I don’t have a favorite genre, and anyone who reads all my books can easily see it. I write everything from everything, and usually, it mixes in the books into one piece that has no definition.

Reasons to kill God, which is the current book that I am going to publish on Amazon, is indeed a historical fiction but it also contains quite a bit of philosophy of life and insights that I expect the reader to confront. It has romance and stories that intersect each other until they create a thriller that draws the reader to enter them, In fact, I began to roll this book at the age of twenty-six after a visit to Poland. The tour in the Nazi extermination camps left me with a strong feeling that I had to do something with all the questions that had accumulated. From that moment to selecting of a literary genre, the road was very short. But if I look at the variety of my work, then I don’t have a favorite style, so is the next book I am about to publish; “Wicked Girl,” it is an abnormal psychological thriller that has caused quite a stir among my readers in Israel.

5) If you could sit down with any character in your book, what would you ask them and why?
This is a fantastic question because in this book (Reasons to kill God) all the characters are controversial and exciting so my answer will be relatively surprising. I will choose to sit with the most boring character in the book; the respectable judge how has no name. His role appears in the first chapter, and in the last episode and fact he will be the one who will sentence my book hero (at least legally). During the trial, the judge undergoes a problematic journey of agony until for a moment he even decides to show some pity for the Nazi defendant also though it does not make it easy for him for a moment. Ostensibly, there is no particular story behind the judge’s character, except for one exception hinted at the name of the book itself and hence the question I appeal to the judge and anyone who reads the book; Who is this God who should be killed in the book?
6) What social media site has been the most helpful in developing your readership?

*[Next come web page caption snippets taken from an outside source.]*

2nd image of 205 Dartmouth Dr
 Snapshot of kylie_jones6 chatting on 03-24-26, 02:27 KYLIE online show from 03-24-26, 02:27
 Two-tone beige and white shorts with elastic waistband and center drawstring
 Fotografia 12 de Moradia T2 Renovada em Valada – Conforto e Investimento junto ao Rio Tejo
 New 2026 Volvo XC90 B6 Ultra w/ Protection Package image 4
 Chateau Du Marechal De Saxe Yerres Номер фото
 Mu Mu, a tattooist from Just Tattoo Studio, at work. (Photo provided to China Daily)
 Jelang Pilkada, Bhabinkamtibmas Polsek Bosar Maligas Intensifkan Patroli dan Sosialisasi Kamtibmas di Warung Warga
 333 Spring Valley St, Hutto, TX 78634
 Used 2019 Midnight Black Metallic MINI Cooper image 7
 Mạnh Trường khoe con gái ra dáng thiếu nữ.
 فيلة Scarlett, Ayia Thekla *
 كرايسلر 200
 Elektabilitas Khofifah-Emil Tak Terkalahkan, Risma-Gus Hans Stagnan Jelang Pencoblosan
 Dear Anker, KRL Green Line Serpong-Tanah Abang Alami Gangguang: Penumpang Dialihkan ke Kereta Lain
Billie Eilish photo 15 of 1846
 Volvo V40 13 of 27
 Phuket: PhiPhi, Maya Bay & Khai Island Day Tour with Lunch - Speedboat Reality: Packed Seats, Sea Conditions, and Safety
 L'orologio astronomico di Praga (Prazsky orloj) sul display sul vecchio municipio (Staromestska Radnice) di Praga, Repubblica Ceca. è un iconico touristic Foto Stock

So far I have published my books only in Israel so that when it comes to advertising abroad, I’m a novice. It’s funny to say it, but I find myself starting from scratch, building a community of readers, contacting people to read the book. Yet I am enjoing every Minute of doing so while i still got time to write.
7) What advice would you give to aspiring or just starting authors out there?
I’ll start with a question; For whom do you write your words?
Is it for yourself or to an audience that will buy the book in stores.
Separate your need to write words and the marketing efforts of those words. I found writing as the most effective tool (except for my family) to remain sane in the complex world in which we live. Therefore, if I had not written, I don’t know where I would be today and what my mental state would be. On the other hand, the desire that everyone will read what we’ve written and appreciated our work as writers push us to publish our words in all kinds of ways. At first, these are just words that try to break out as a simple post on Facebook or Twitter, then you publish short stories on websites, and finally, you put a book in stores and sell a lot of it (wouldn’t we wish it was so simple). Note that once you put the writing pen on the table and start marketing your words, you are less writer and more of a sells man.
I made this mistake at my beginning as a writer, and from the moment I did so, the writing gradually diminished until it almost disappeared. And if for a moment we go back to the question I asked and the first paragraph of this answer of mine, then this was the moment I understood for whom I write my words.
8) What does the future hold in store for you? Any new books/projects on the horizon?
If my first book succeeds in Amazon as I predict it will, my readers can expect another six books that are already waiting in the drawer. Three of these books have not yet published (not even in Hebrew) and they excite me primarily because of the variety of their stories and the issues they bring to surface. Together with all of these, I am currently working on writing two more books.